McDonald's (NYSE:MCD) is a key beneficiary of rising demand in the global fast-food industry today. The burger titan has made some of its own luck, too, by adjusting its menu, supply chain, and real estate portfolio in recent years.
This week, the restaurant stock announced third-quarter results that showed that these changes kept it near the top of the industry on key metrics like sales growth and profitability. Yet the report also points to a few major challenges to its global growth rebound plan.
Let's dive right in.
A tale of two markets
Third-quarter comparable-store sales, or comps, rose 5.9% to mark just a slight deceleration from last quarter's 6.5% increase. The big-picture trends were positive, and that's where CEO Steve Easterbrook chose to focus in his comments describing the quarter. "Our performance was strong, and broad-based momentum continued with our 17th consecutive quarter of global comps growth," he told investors.
Looking deeper into the growth figures reveals a contrast between Mickey D's domestic and international markets. Outside the U.S., sales growth was robust at nearly 6% in developed areas like France and the U.K and over 8% for developing markets like China. Customer traffic increased across these divisions, too.
But the U.S. segment posted modest guest count declines, with comps gains coming entirely from rising prices and higher average spending. Customer traffic has been trending lower for well over a year now, and that pressure pushed comps growth to below 6% for the quarter.
That result is better than most rivals can claim. Domino's (NYSE:DPZ), for example, just announced a 2.4% comps increase. Yet McDonald's has been suggesting that its aggressive growth investments will close the gap between the international and U.S. markets, and so far that hasn't happened.
Finances and outlook
The financial picture is decidedly positive, with expenses holding steady even as global sales improve. But there was something for investors to be concerned about in this area, too.
Operating margin clocked in at 43% of sales over the past nine months compared to the same result a year ago. While that's far and away the best profitability in the industry, its stability confirms that McDonald's has now squeezed all of the earnings boost it can from its three-year refranchising program that brought its share of corporate-owned locations down to around 5% from 15% back in 2016.
Thanks to booming international gains, McDonald's is in a better position than Domino's, which recently lowered its global growth outlook. Yet stubborn traffic losses in the U.S. suggest that the chain is also being hurt by the flood of third-party aggregators offering deeply discounted delivery for fast food.

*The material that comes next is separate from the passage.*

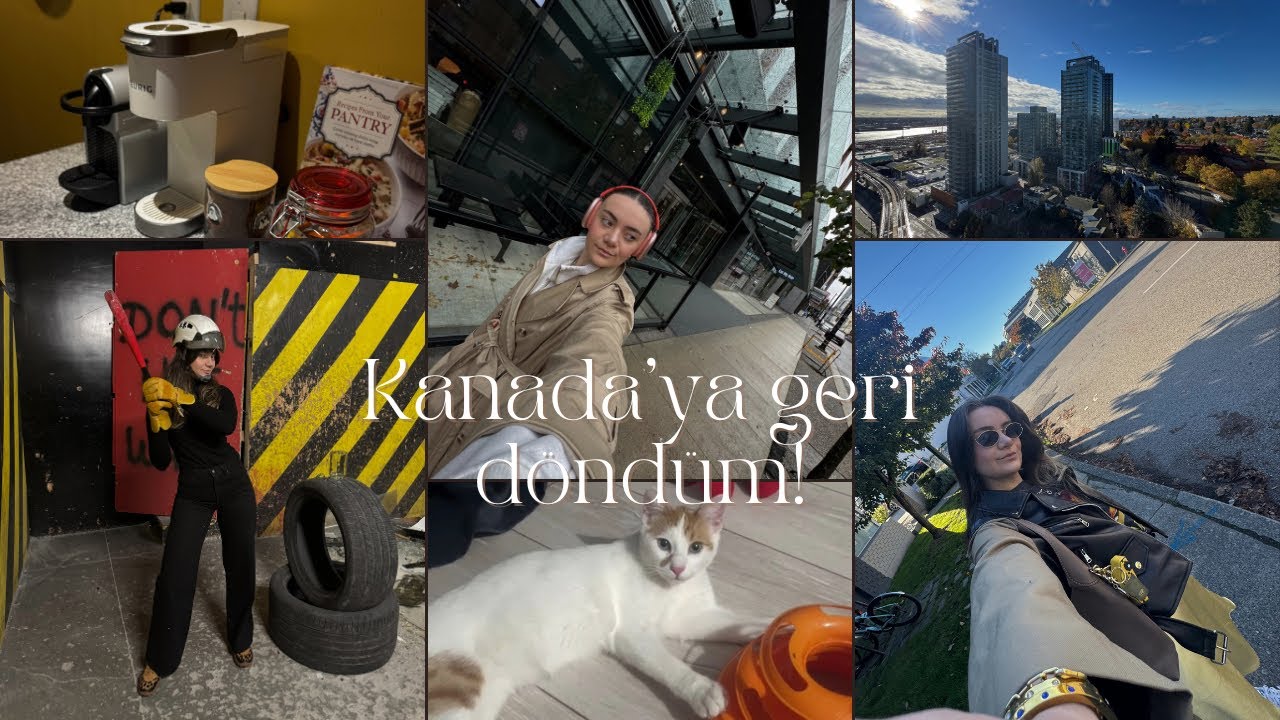 Kanada’ya Geri Döndüm 🇨🇦 | Tek Başıma Yeni Eve Taşınma, Ev Alışverişi & Temizlik Vlog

Market leaders like McDonald's and Domino's are strong enough to sail through this period of unsustainably low-priced competition, even if it slows growth or pinches profitability as rivals fight to build scale in home delivery. McDonald's is betting that its investments will make it one of the world's biggest delivery giants after it introduces the offering to all of its locations and markets it aggressively. It just might take some time to establish that foothold, given all the intense interest in this niche.